## EXERCISE AIM
No pictures belong in the copy. Retype exactly, and only, the stretch of lines below from the one with "This Chocolate Turtle" through the one with "Beige sconce with".

## DATA EXCERPTS
◇ ◇ ◇

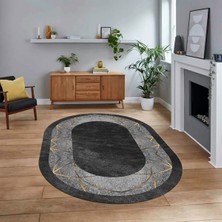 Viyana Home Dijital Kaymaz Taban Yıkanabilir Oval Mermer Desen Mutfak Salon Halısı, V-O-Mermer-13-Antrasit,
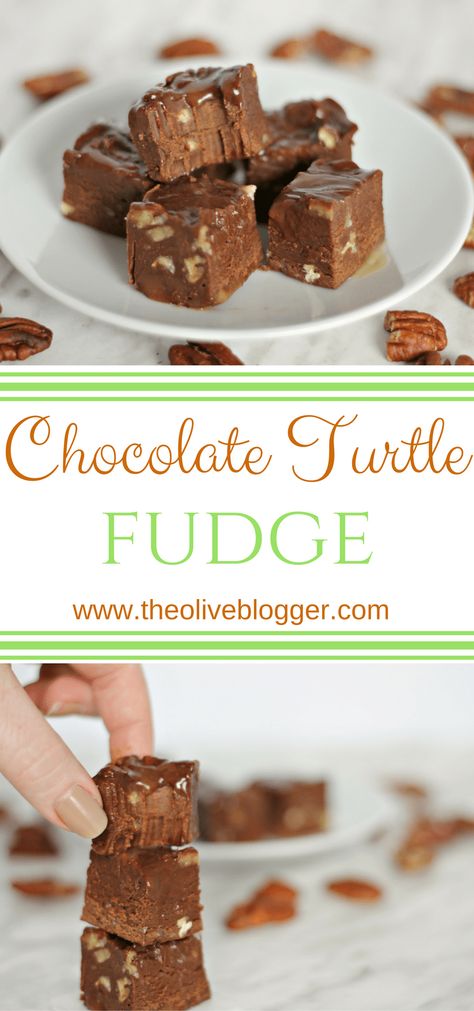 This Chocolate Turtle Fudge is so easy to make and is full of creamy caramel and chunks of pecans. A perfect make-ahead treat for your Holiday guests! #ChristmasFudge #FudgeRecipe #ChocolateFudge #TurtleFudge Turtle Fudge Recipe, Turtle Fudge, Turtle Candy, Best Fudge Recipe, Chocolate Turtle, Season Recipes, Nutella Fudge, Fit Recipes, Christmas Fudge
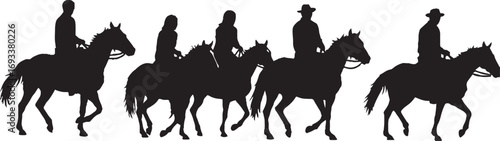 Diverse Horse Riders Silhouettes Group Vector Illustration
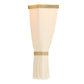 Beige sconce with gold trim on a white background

◇ ◇ ◇

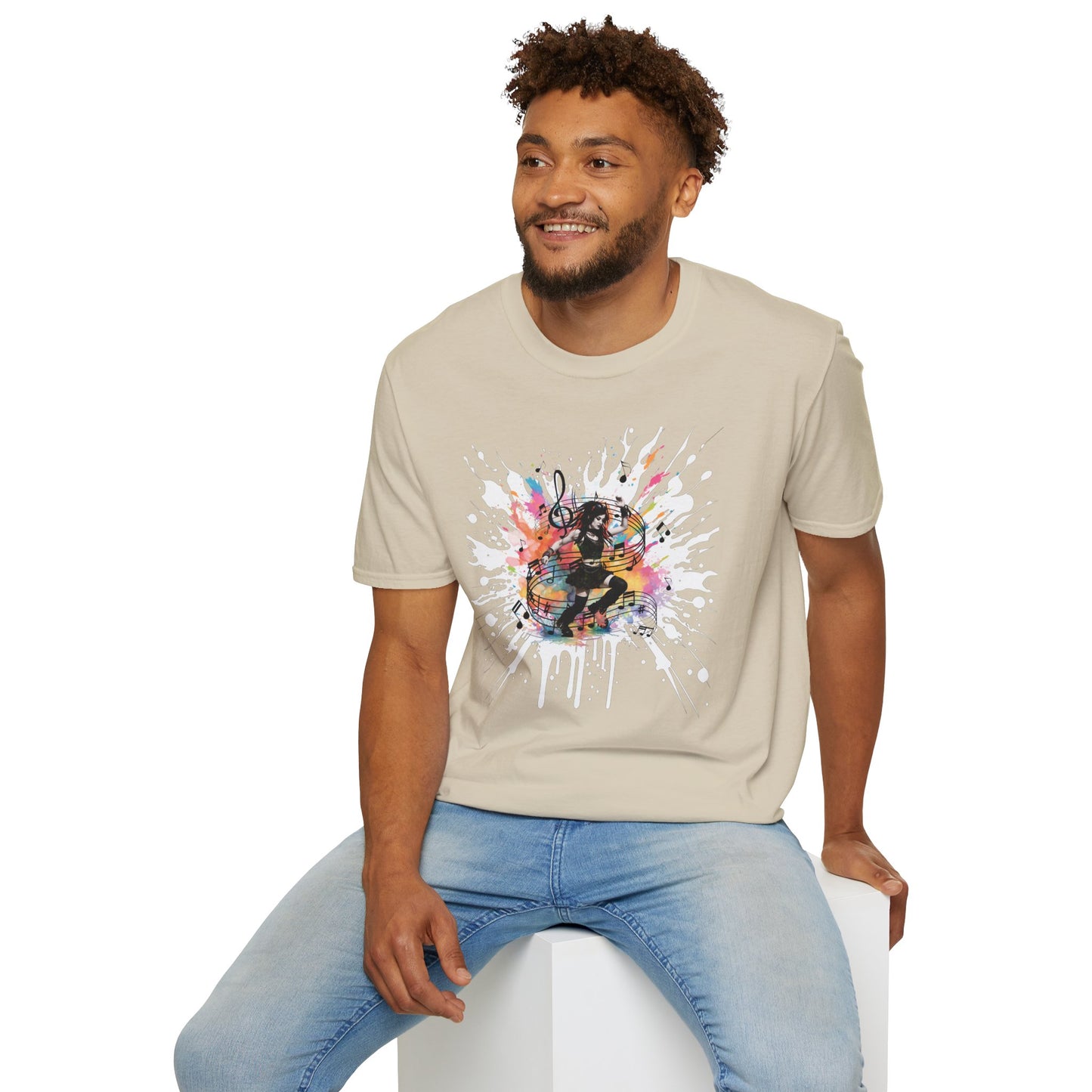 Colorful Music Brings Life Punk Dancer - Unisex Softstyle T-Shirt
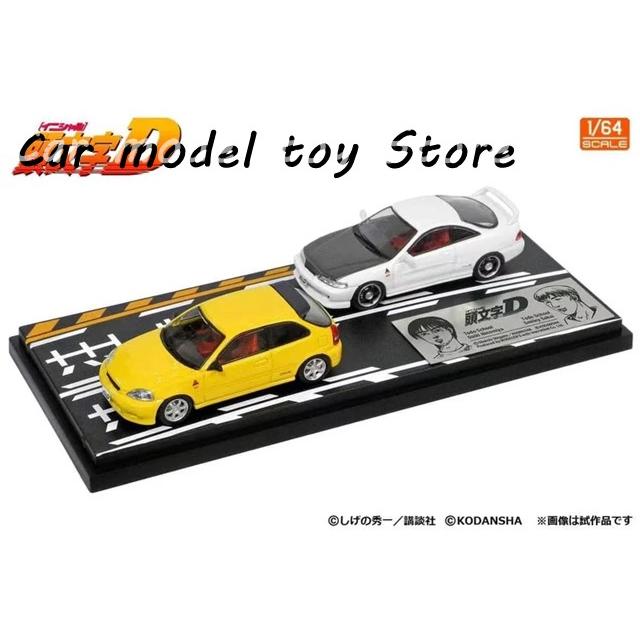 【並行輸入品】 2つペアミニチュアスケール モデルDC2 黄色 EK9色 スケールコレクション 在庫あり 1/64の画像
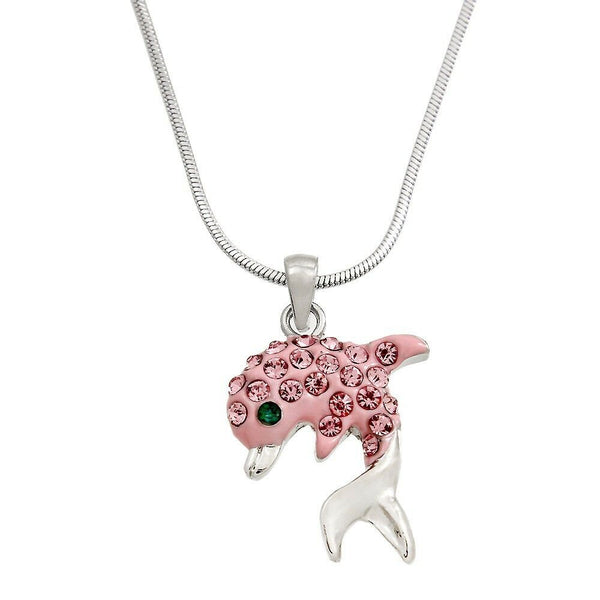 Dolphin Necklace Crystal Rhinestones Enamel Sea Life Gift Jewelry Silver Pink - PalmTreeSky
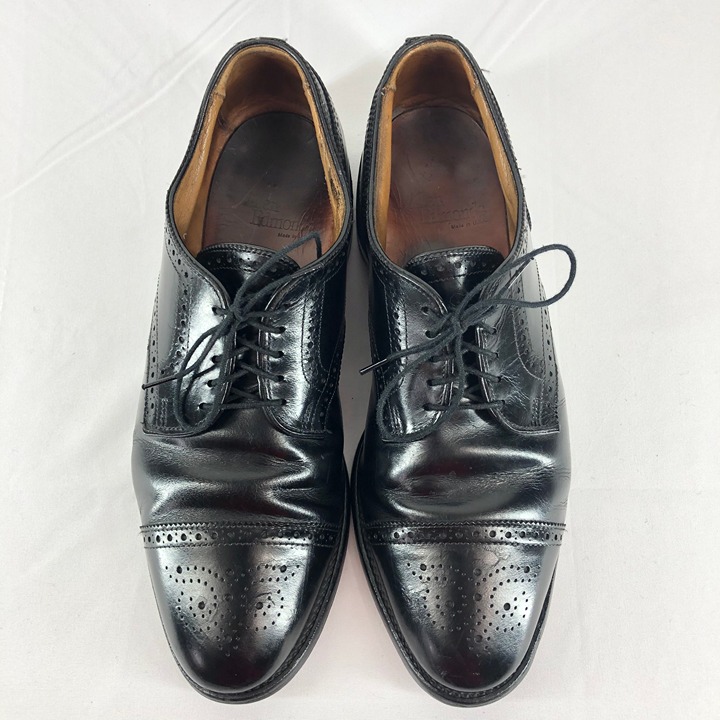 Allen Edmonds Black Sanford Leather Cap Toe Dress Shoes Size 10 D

◇ ◇ ◇

## EXERCISE SOLUTION
 This Chocolate Turtle Fudge is so easy to make and is full of creamy caramel and chunks of pecans. A perfect make-ahead treat for your Holiday guests! #ChristmasFudge #FudgeRecipe #ChocolateFudge #TurtleFudge Turtle Fudge Recipe, Turtle Fudge, Turtle Candy, Best Fudge Recipe, Chocolate Turtle, Season Recipes, Nutella Fudge, Fit Recipes, Christmas Fudge
 Diverse Horse Riders Silhouettes Group Vector Illustration
 Beige sconce with gold trim on a white background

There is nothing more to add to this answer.